Walkan interactive print
These prints were created as part of Inkers Printmakers residency at The Ropewalk, Barton on Humber. We worked on the project for two years, making prints inspired by the Ropewalk and the surrounding area of the Humber. The residency culminates with an exhibition in August 2020.
I wanted to make a print people could join in with as well as look at. The idea was to have a ‘clean’ activity suitable for visitors to a gallery, and one that would enable everyone to create their own temporary piece for the exhibition.
In the past rope makers walked miles everyday twisting their rope, and the idea of their steady footprints inspired the design of this printed sculpture.
The prints, which join together in lots of different ways, are all made from etched lino and printed using both intaglio and relief techniques to get layers of colour. Some are mounted on flat wooden tiles, others are on boxes. Each box has a sound reminiscent of foot steps.
The exhibit includes poems and quotes about walking to give you ideas as you arrange the prints to form your own unique walk. A pack of cards is available so you can take your own walk away with you.
Rope as a beginning
I started with the idea of a rope puzzle. A bit corny I know, but you’ve got to start somewhere!
These prints are from a pvc block. There is information about this technique on the blog.
The concept of walking
My idea moved on from rope to footprints and I made some collagraph plates using tile cement to test this out.

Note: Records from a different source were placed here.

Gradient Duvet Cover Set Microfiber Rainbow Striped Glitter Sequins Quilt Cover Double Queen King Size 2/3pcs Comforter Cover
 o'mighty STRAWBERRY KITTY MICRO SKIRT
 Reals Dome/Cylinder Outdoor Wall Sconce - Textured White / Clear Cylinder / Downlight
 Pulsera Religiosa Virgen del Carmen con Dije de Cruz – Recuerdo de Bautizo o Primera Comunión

The blocks are only 10cm square, and I wasn’t happy with the effect of the messy textures at this scale. I am trying earth colours – a bit dull here to be honest.
Working it out on paper
I like the idea of footprints and that someone is walking a long and winding path. It took a while to get the proportions right and to make sure every tile would join up with the next one along at least one edge.
There are only 5 designs but these produce hundreds of different layouts.
Etched lino blocks
Testing out etched lino as a way of producing the printing plates. I think this will work!
The lino was masked with plastic and vaseline, see more about the etched lino technique on the blog.
Printing blocks as art work
The lino blocks absorbed colours and looked beautiful themselves. After a plate has been printed many times it takes on a different quality.
A finished art work
I mounted the etched lino blocks as an artwork for the exhbition at The Ropewalk. It is really hard to part with printing plates as they feel like old friends!
Interactive with sound too
The plywood blocks each contain a little pebble which makes the sound of footsteps when you move the block and turn it round to fit it in with the others.
The blocks and tiles
It is interesting to change from a flat two dimensional plane to explore space in three dimensions. The designs don’t always fit together, there is a bit of puzzling needed to make it all work and avoid dead ends. Spot the blocks in this arrangement that need adjusting!